(参考判例)平成 18 年 9 月 25 日知財高裁判決〔特許権侵害差止等請求控訴事件 〔椅子式マッサージ機事件〕〕
特許法 102 条 1 項ただし書の事情および同条 2 項の推定覆滅事由


別紙

 1 「第2 事案の概要」「3 審決(甲1の1)の要旨」
 「(1) 請求人(控訴人)の主張
   ア 引用文献
    ① 審判甲2(特公昭44-13638号公報,本訴乙80)
    ② 審判甲3(意匠登録第296760号公報,本訴乙4)
    ③ 審判甲5(「ナショナルエアーマッサーあしラーク」のパンフレット,本訴乙151)
   イ 無効理由
 本件発明5は,(a)乙80,(b)乙80及び4,(c)乙80及び151,(d)乙80,4及び151に記載された発明及び周知技術に基づいて,当業者が容易に発明をすることができたものであって,特許法29条2項の規定により特許を受けることができない(以下,上記符号に応じて「無効理由a」などという。)。
  (2) 引用刊行物に記載された発明
 審決は,各引用刊行物に記載された発明について,以下のとおり認定した。
   ① 乙80に記載された発明(以下「乙80発明」という。)
 「上端に指圧頭部29が取り付けられ,圧縮空気が送り込まれる複数の蛇腹状伸縮筒27を有する指圧装置であって,該蛇腹状伸縮筒27が配設された腰掛部3,腰掛部3の前部に配置され肘掛部4の内壁面に該蛇腹状伸縮筒27が配設された脚載置部,及び腰掛部3の後部に所定の傾斜角度をもって設けられた背凭れ部2とを有する安楽椅子1と,圧縮空気を送り込む空気圧縮機7と,この空気圧縮機7からの圧縮空気を接続ホース26を介して前記各蛇腹状伸縮筒27に逐次分配して送り込む分給回転バルブ19と,蛇腹状伸縮筒27内の圧力と伸縮回数を調節する手段とを備える指圧装置。」
   ② 乙4に記載された発明(以下「乙4発明」という。)
 「座部及びこの座部の後部に所定の傾斜角度をもって設けられた背もたれ部を有する椅子本体と,前記座部の前部に設けられかつ使用者の左右の脚部をそれぞれその両側及び後側から包囲する凹状の脚載置部と,指圧子と,を備えた指圧椅子」
   ③ 乙151に記載された発明(以下「乙151発明」という。)
 「着脱式の複数の空気袋体からなり,ふくらはぎ部に装着された空気袋体に圧搾空気が供給されてふくらはぎを圧迫した後に,太もも部に装着された空気袋体に圧搾空気が供給されて太ももを圧迫するエアーマッサージ機」
  (3) 判断
   ア 無効理由dについて
 「本件発明5と乙80発明とを比較すると,乙80発明は,少なくとも本件発明5の「座部用袋体への圧搾空気の給排気動作に同期させて脚用袋体への給排気を行う動作モードにおいて,前記脚用袋体が膨脹して使用者の脚部を挟持した状態で,前記座部用袋体が使用者を押し上げるように膨脹する」態様構成を備えておらず,また,乙80には,上記態様構成を示唆する記載もない。さらに,上記態様構成は,乙4及び乙151にも開示されていないものである。

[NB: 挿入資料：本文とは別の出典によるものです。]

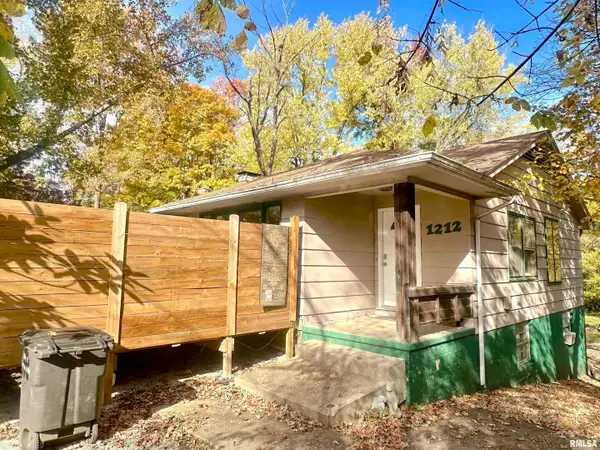 1212 W Schwartz Street, Carbondale, IL 62901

 そして,本件発明5は,かかる態様構成により,「腿部および尻部の筋肉は引き伸ばされることになり,ストレッチされつつ同時にマッサージがなされる」という明細書に記載の効果を奏するものである。
 確かに,乙80発明は,「上端に指圧頭部29が取り付けられ,圧縮空気が送り込まれる複数の蛇腹状伸縮筒27」,「該蛇腹状伸縮筒27が配設された腰掛部3」及び「肘掛部4の内壁面に該蛇腹状伸縮筒27が配設された脚載置部」を備えており,一方,マッサージ装置において,指圧頭部付きの蛇腹状伸縮筒を用いたタイプと袋体を用いたタイプの双方共に周知のものであるから,「蛇腹状伸縮筒」と「袋体」の一方を他方で置換すること自体は当業者が必要に応じて適宜なし得ることと認められるが,仮に,乙80発明において,肘掛部4の内壁面に配設された「蛇腹状伸縮筒27」を「袋体」で置換したとしても,該置換した袋体は,単に,右脚の右外側部分と,左脚の左外側部分とに配設されているだけのものとなり,本件発明5の実施例における中間壁もないから,「袋体の膨脹により使用者の脚部を両側から挟持した状態」になり得ないものである。

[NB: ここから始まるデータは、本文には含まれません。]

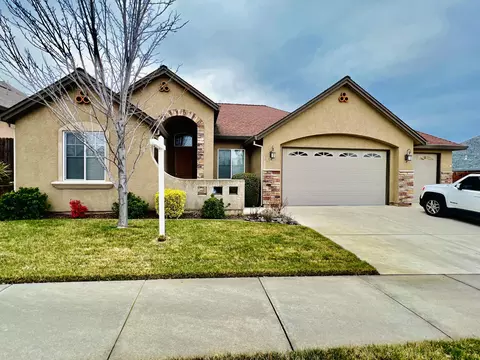 660 Durango Way, Redding, CA 96003 photo 1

 また,乙80発明は,複数の蛇腹状伸縮筒27に圧縮空気を逐次分配するようにしたものであるが,該蛇腹状伸縮筒27により,乙80の第8図の如く大腿部から脚にかけてa~fの符号で示された指圧の急所を,当該符号の順に逐次押圧する実施例のみならず押圧順を適宜変更したものを考慮しても,各指圧の急所が異なるタイミングで押圧されるにとどまり,腿部又は尻部の筋肉が引き伸ばされることにならないのは明らかである。
 したがって,乙80発明は,ストレッチ効果を奏するための上記態様構成を開示するものとは到底いえない。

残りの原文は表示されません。